Another advantage of graph models is that they do not suffer from the curse of dimensionality; they involve a limited feature space, the size of which depends exclusively on the number of considered classes. Thus, their search space is independent of the challenges Ch2 and Ch4, involving a significantly lower computational cost than bag models for the training of classification algorithms as well as the use of trained models. Their only drawback with respect to efficiency is the time required for the construction of class graphs and the computation of graph similarities. The time complexity of these processes depends on the size and the type of the input document collection as well as on the internal configuration of graph models. In Section 5.3, we experimentally fine-tune them with respect to merge portion in order to enhance their time efficiency at a limited cost in classification accuracy.

4 Web document types

In this section, we focus on the traits of Web documents that affect the classification accuracy and time of document representation models. We identify the most critical parameters for the performance of TC and use them to distinguish Web documents into three main types.^{Footnote 6} In this effort, we exclusively consider endogenous parameters, which can be directly derived from the textual content of Web documents (as mentioned above, exogenous meta-data are beyond the scope of this work). We propose the following criteria as the most influential for the performance of topic classifiers:

(i)
The document size (DS) expresses the average length of documents in terms of the number of characters they comprise. Given a document collection $\mathcal {D}$, it is formally defined as:
$$DS(\mathcal{D}) = \frac{{\sum}_{d_{i} \in \mathcal{D}} |d_{i}|}{|\mathcal{D}|}, $$
where |d _i| stands for the individual length of document $d_{i} \in \mathcal {D}$ and $|\mathcal {D}|$ denotes the size of the corpus. DS is directly related to challenge Ch3, since the shorter a document, the more sparse the information it contains. It also pertains to the computational cost of the classification process: the larger a document, the higher the computational cost, due to the higher number of possible n-grams that can be used as features and nodes by the bag and graph models, respectively.
(ii)
The vocabulary size (VS) denotes the diversity of the words and phrases that are employed in a document collection. Higher diversity (i.e., higher VS) corresponds to a higher number of n-grams that can be possibly used as features and nodes by the bag and graph models, respectively.
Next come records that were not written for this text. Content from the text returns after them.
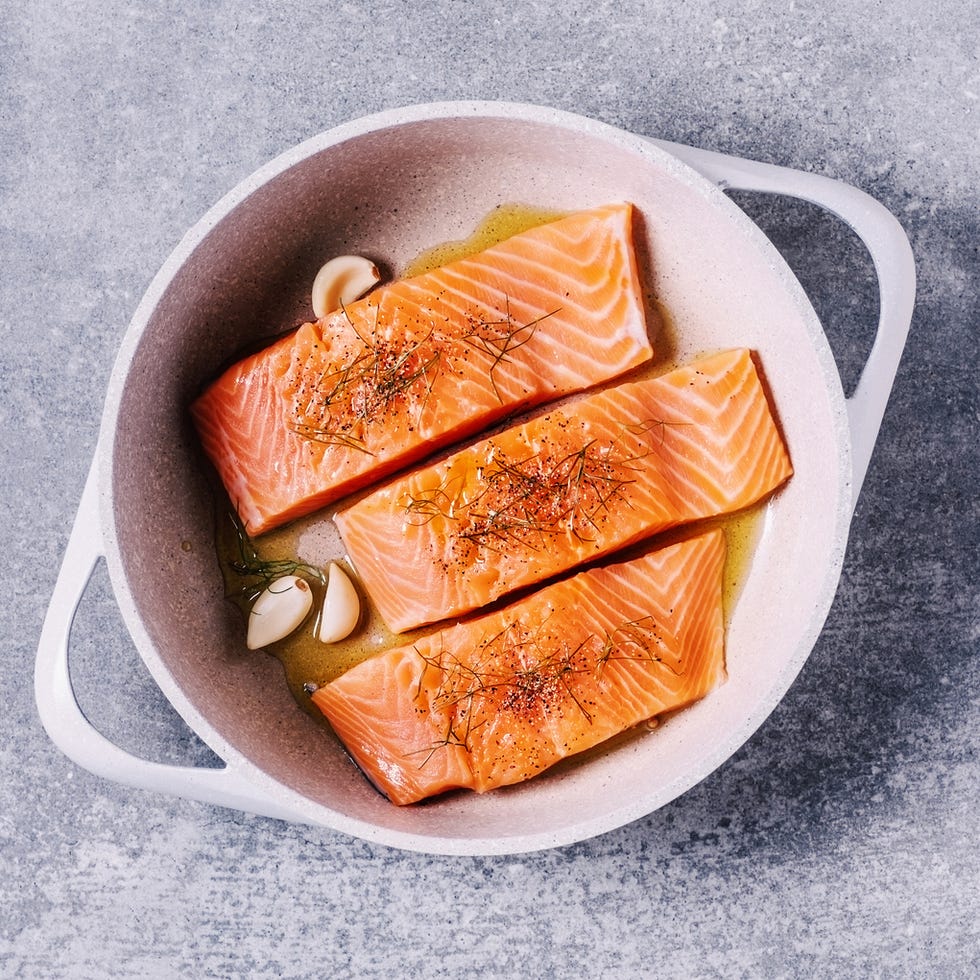 Fresh salmon Fresh salmon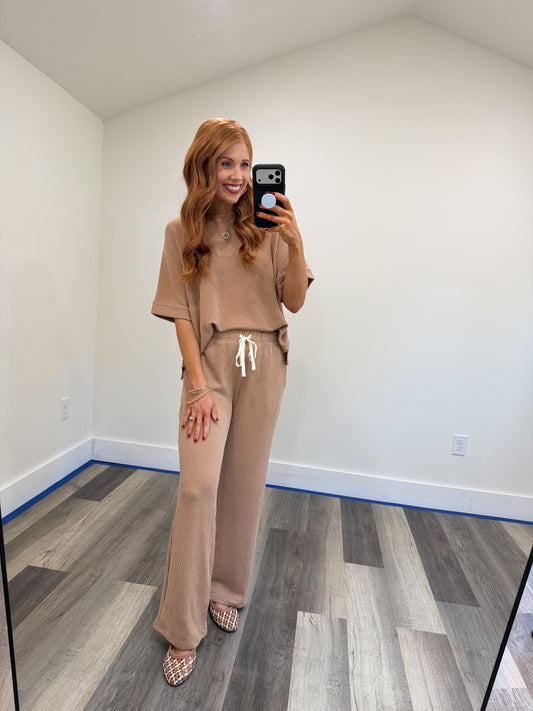 Ribbed Mocha Set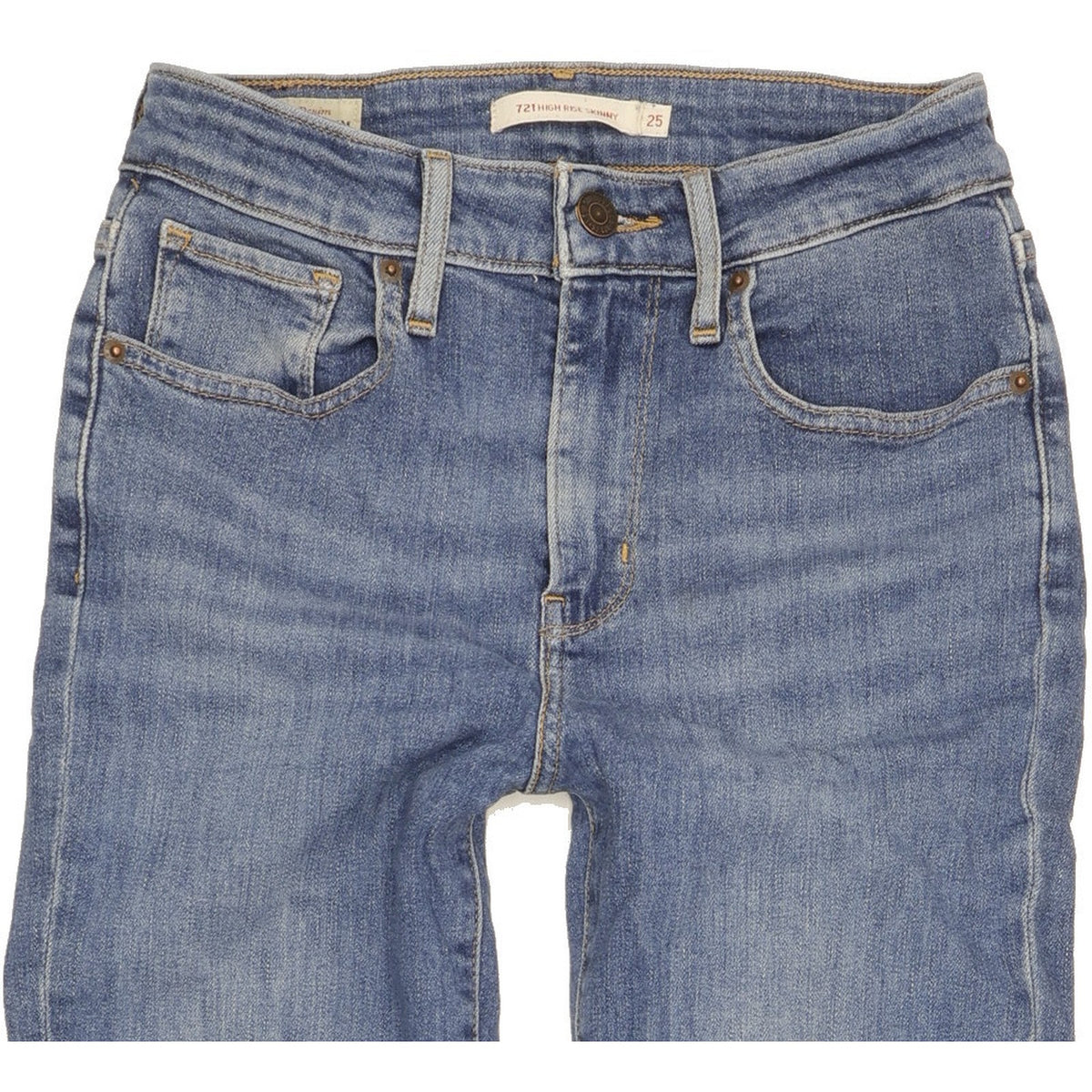 Levi's 721 Women Blue Skinny Slim Stretch Jeans W25 L31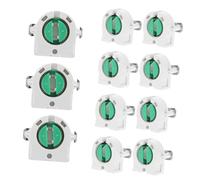 Amosfun Portalampada T8 in Abs Bianco, 20 Pezzi Riutilizzabili Design Semplice ed Elegante, per Uso Indoor e Outdoor e Resistenza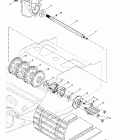 MX Z 670 HO T.H. Привод трака и трак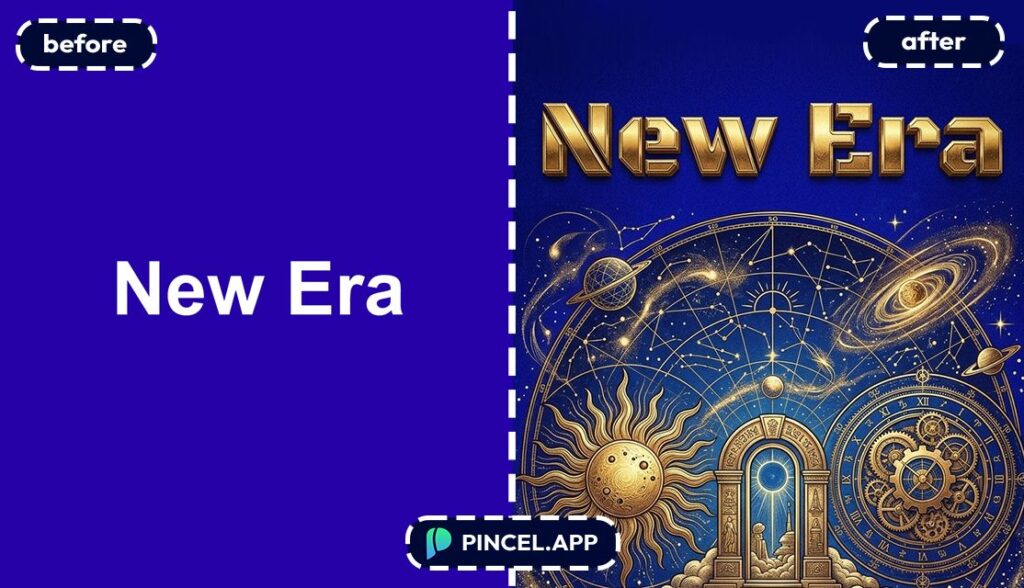 08_before-after-creating-gold-letters-with-pincel-AI-new-era-text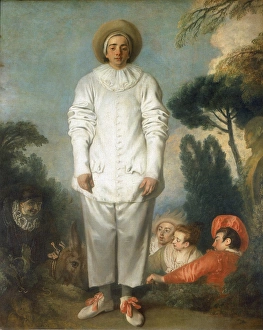 Gilles as Pierrot' by Jean-Antoine WATTEAU (1684-1721) French artist. Oil on canvas Gilles as Pierrot' by Jean-Antoine WATTEAU (1684-1721) French artist. Oil on canvas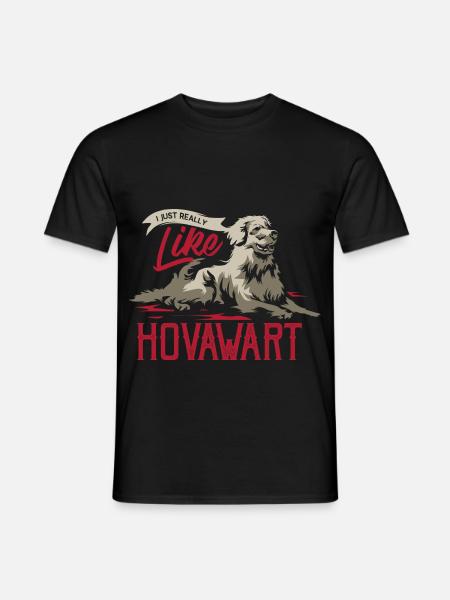 Wachsamer Hovawart Familienhund - Männer T-Shirt - Schwarz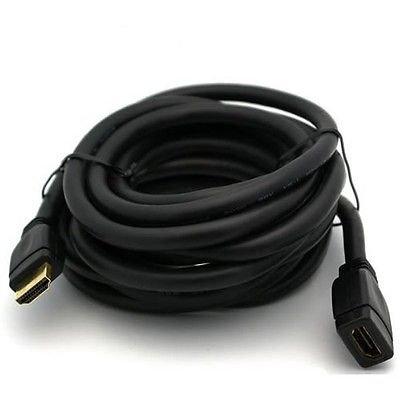 AYAGROUP AYA 25Ft (25 Feet) 24AWG High Speed HDMI Male to Female Extension Cable Ethernet, CL2, Audio Return, 4K 3D and in Wall Ready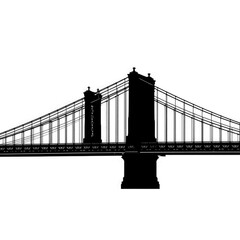 Obraz premium bridge vector illustration with transparent background PNG and JPEG image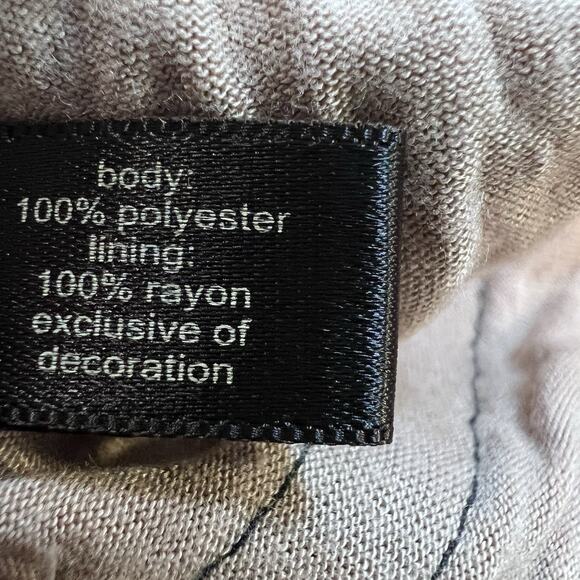 Express Y2K Mesh Babydoll Cami Tank Top Tan Womens M Whimsigoth Fairy Grunge - Picture 8 of 9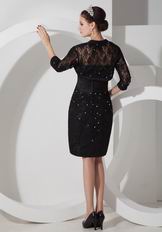 Black Lace Mother Of The Bride Dress And Jacket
Given a document collection $\mathcal {D}$, VS is defined as the ratio of distinct tokens over their total number of occurrences:
$$VS(\mathcal{D}) = \frac{|\bigcup_{d_{i} \in \mathcal{D}} tokens(d_{i})|}{{\sum}_{d_{i} \in \mathcal{D}} tokensNumber(d_{i})}, $$
where t o k e n s(d _i) stands for the set of tokens appearing in document $d_{i} \in \mathcal {D}$, and t o k e n s N u m b e r(d _i) denotes the total number of tokens in d _i. VS increases with multilinguality (i.e., challenge Ch1) and with the evolving, non-standard expressions used in Social Media content (i.e., challenge Ch4). In curated Web documents, though, the vocabulary exhibits lower levels of diversity (e.g., news articles).
(iii)
Noise is directly related to challenge Ch2, reflecting the portion of spelling mistakes and of grammatically, syntactically and semantically incorrect phrases in a document collection. Such errors distort the actual meaning of a phrase or sentence and hinder the detection of token and character n-gram patterns. They are rather difficult to be directly measured. Instead, we assess them indirectly, through the frequency distribution f of the tokens appearing in the given document collection: noisy corpora abound in erroneous tokens with a single or few occurrences (due to unrepeated errors), while clean corpora are dominated by tokens that occur multiple times. This frequency distribution is summarized through three statistical metrics: the 1^st quartile (Q ₁(f)), the median or 2^nd quartile (Q ₂(f)) and the 3^rd quartile (Q ₃(f)). High levels of noise correspond to similar, low values across all metrics; for instance, Q ₃(f)=1 means that at least 75 % of all tokens appear only once. In contrast, low levels of noise yield a large discrepancy in the values of these metrics; the higher the difference between the median and the other two quartiles, the lower the levels of noise and the higher the reliability of the content-based features.
(iv)
Special Notation denotes the extent to which a document contains non-verbal expressions. These include HTML code, links to Web pages and multimedia content (URLs) as well as pointers to other users (e.g., the @ u s e r n a m e notation used in Twitter). This kind of special notation is typically exploited by contextual representation models, which try to enhance the effectiveness of TC by incorporating exogenous meta-data (e.g., [26]). As a content-based feature, though, special notation adds noise and, thus, it is relevant to challenge Ch2. To measure its effect, we simply estimate the portion of tokens that correspond to non-verbal expressions.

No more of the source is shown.